ビール大手4社のうち、先頭をきって、規制緩和に合わせた新商品を発表したのは、アサヒビールです。4月17日に発売される、ビールの副原料にハーブの一種であるレモングラスを配合した「グランマイルド」がそれです。

このほかのビール大手3社も、現時点では詳細を明らかにしていませんが、定義変更による新商品の投入を計画しているのは、間違いないとみていいでしょう。

サントリービールは10日、都内で開かれた「18年事業方針」記者会見において、ビール類の販売数量で前年比101%を目ざすと発表しました。サントリービール社長の山田賢治氏は、「検討中」と述べるにとどまりましたが、定義変更を受けて、いったいどんな新商品を出してくるのか。

ビールの歴史を振り返ってみると、時代とともに好みが変化していることがわかります。
バブル時代、サラリーマンたちは、ドライビールを飲んでその日の疲れをリセットして家路についた。いってみれば、ドライビールは「のどの渇き」を癒すためのビールだったといえます。

そして、09年、他の多くのビールが対前年比マイナスのなかで、サントリーの「ザ・プレミアム・モルツ」は、前年比110%の伸びを見せました。デフレ下において、販売数を伸ばしたのは、不安やストレスをかかえた人々が求める、「心の渇き」を癒すためのビールだったからです。

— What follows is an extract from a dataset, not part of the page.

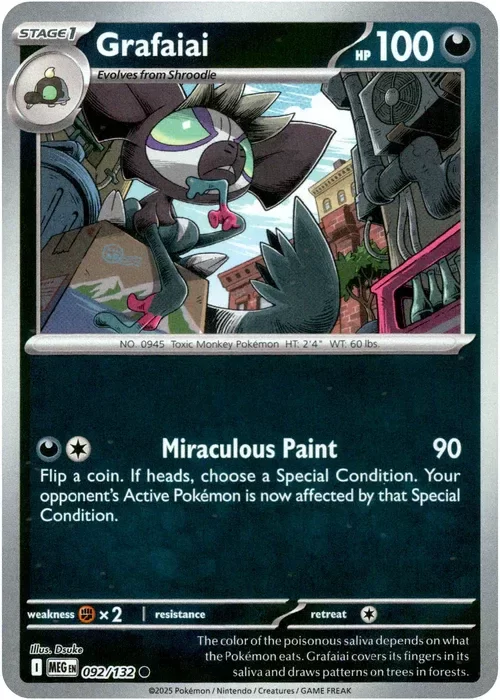 Producto - Grafaiai - 092/132 - Mega Evolution - Reverse Holo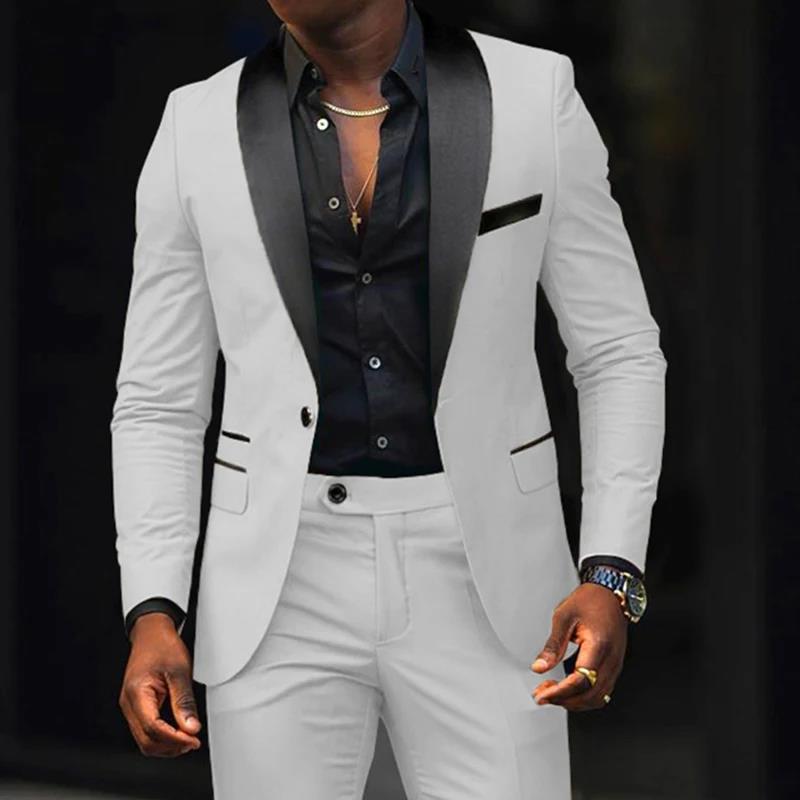 Men's Business Casual Suit Coat Trouser Suit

近年はというと、アルコール度数の強いお酒から徐々に弱いお酒に好みが移り、女性にも飲みやすいおしゃれな雰囲気のお酒がシェアを伸ばしています。

こうした傾向に寄り添いながら、いかに新しいビールの味を提案するか。それは、少子高齢化に加えて、若年層の飲酒離れに対する答えにもなるはずです。

さらに、もう一つ、サントリーがビールに力を入れる理由があります。

サントリーホールディングスは、現社長の新浪剛史氏から創業家出身で副社長の鳥井信宏氏への社長交代が遠からずあるといわれています。信宏氏へのバトンタッチはほぼ確実視されていますが、創業家社長へのスムーズなバトンタッチのカギの一つとなるのが、国内ビール市場のシェアをどう伸ばすかだといわれているんですね。

各ビール会社にとって、ビールの定義変更は、新商品創出の願ってもないチャンスです。それに加えて、サントリーにとって、ビールの定義変更による新商品創出は、自社の命運をかけた大きなチャレンジだといえるのではないでしょうか。